◆ What you have to do ◆
Without the pictures, reproduce the entries below exactly.

● ● ● ● ●

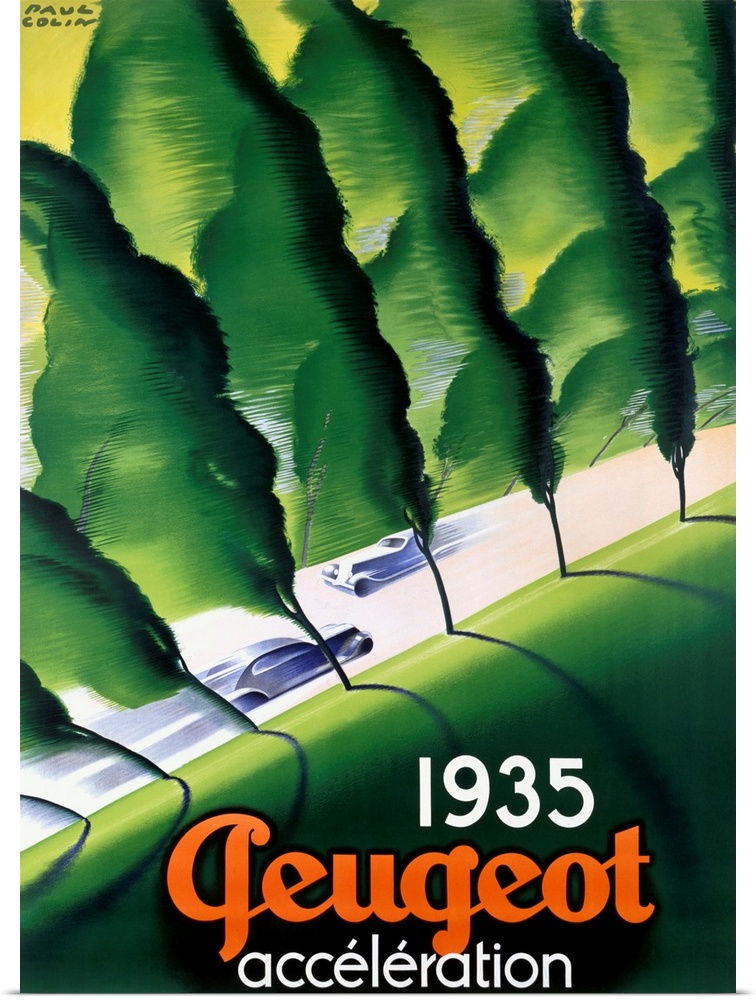 A vintage poster with an aerial view of two cars zooming past each other on a road that is lined with tall trees.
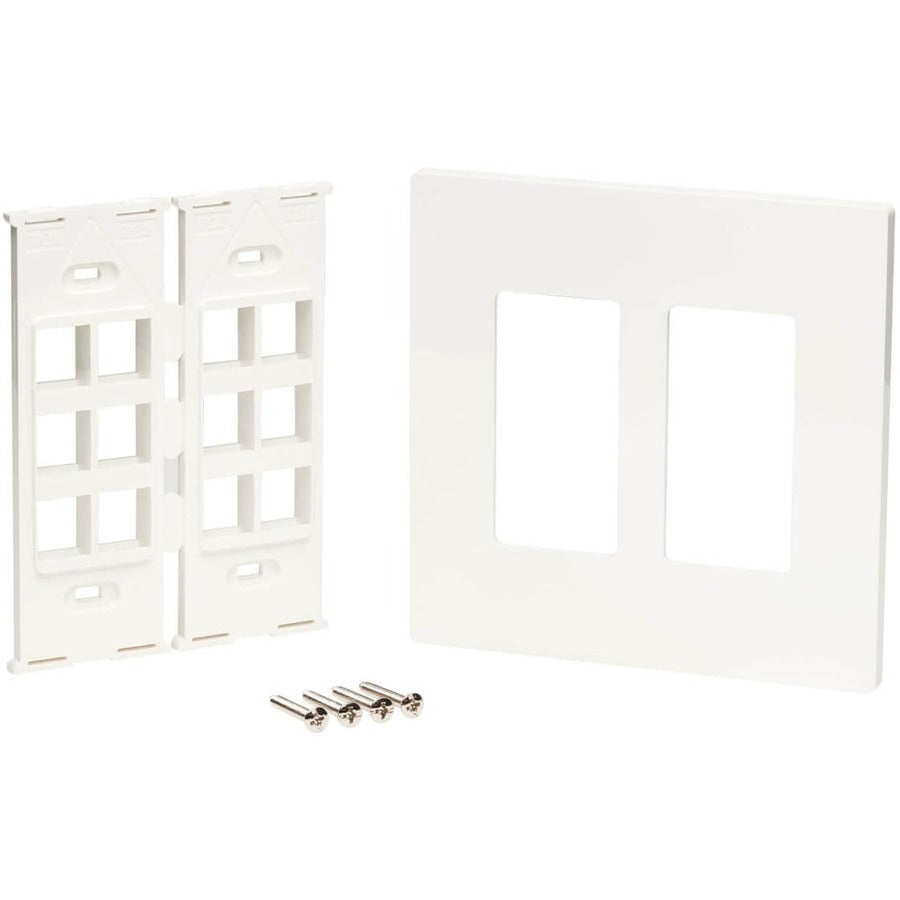 Tripp Lite by Eaton 12-Port Keystone Double-Gang Faceplate, White, TAA N080-212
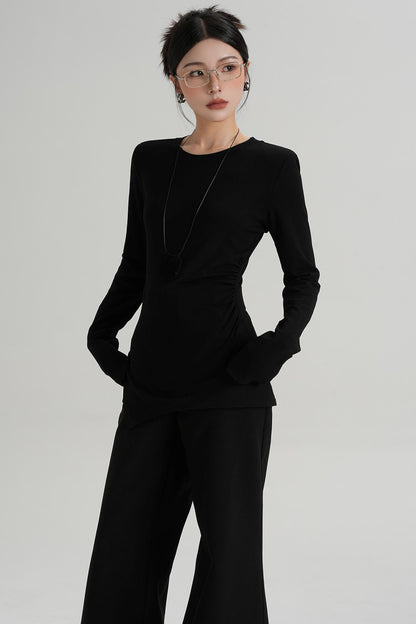 Shoulder Pads Hem Slit Long Sleeve T-shirt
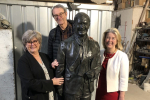 Anna Firth & Lady Amess with the statue of Sir David Amess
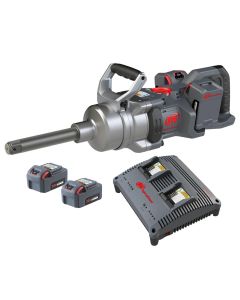 IRTW9691-K4E image(0) - Ingersoll Rand 20V High-torque 1" Cordless Impact Wrench Kit, 3000 ft-lbs Nut-busting Torque, 4 Batteries and Charger, 6" Extended Anvil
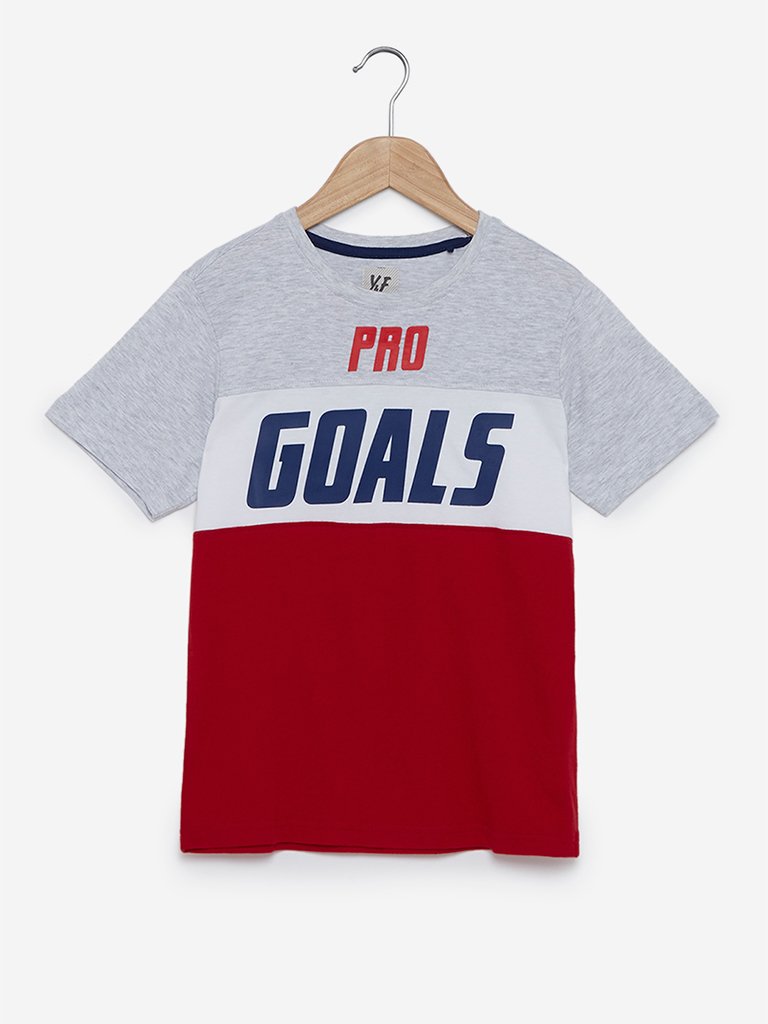 Y&F Kids Red Colour-Block Print T-Shirt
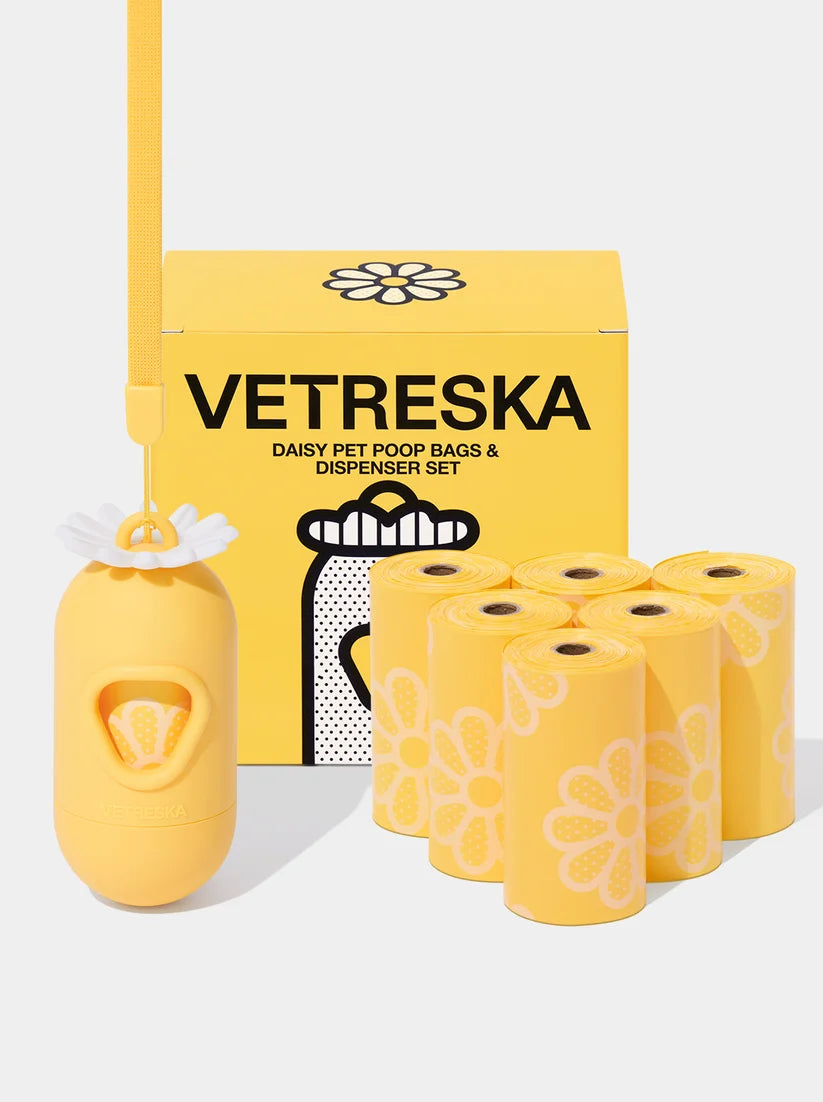 Набір диспенсер + біорозкладні пакети з ароматом ромашки Daisy Vetreska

● ● ● ● ●

◆ Exercise output ◆
 A vintage poster with an aerial view of two cars zooming past each other on a road that is lined with tall trees.
 Tripp Lite by Eaton 12-Port Keystone Double-Gang Faceplate, White, TAA N080-212
 Shoulder Pads Hem Slit Long Sleeve T-shirt
 Anna Firth & Lady Amess with the statue of Sir David Amess
 IRTW9691-K4E image(0) - Ingersoll Rand 20V High-torque 1" Cordless Impact Wrench Kit, 3000 ft-lbs Nut-busting Torque, 4 Batteries and Charger, 6" Extended Anvil
 Y&F Kids Red Colour-Block Print T-Shirt
 Набір диспенсер + біорозкладні пакети з ароматом ромашки Daisy Vetreska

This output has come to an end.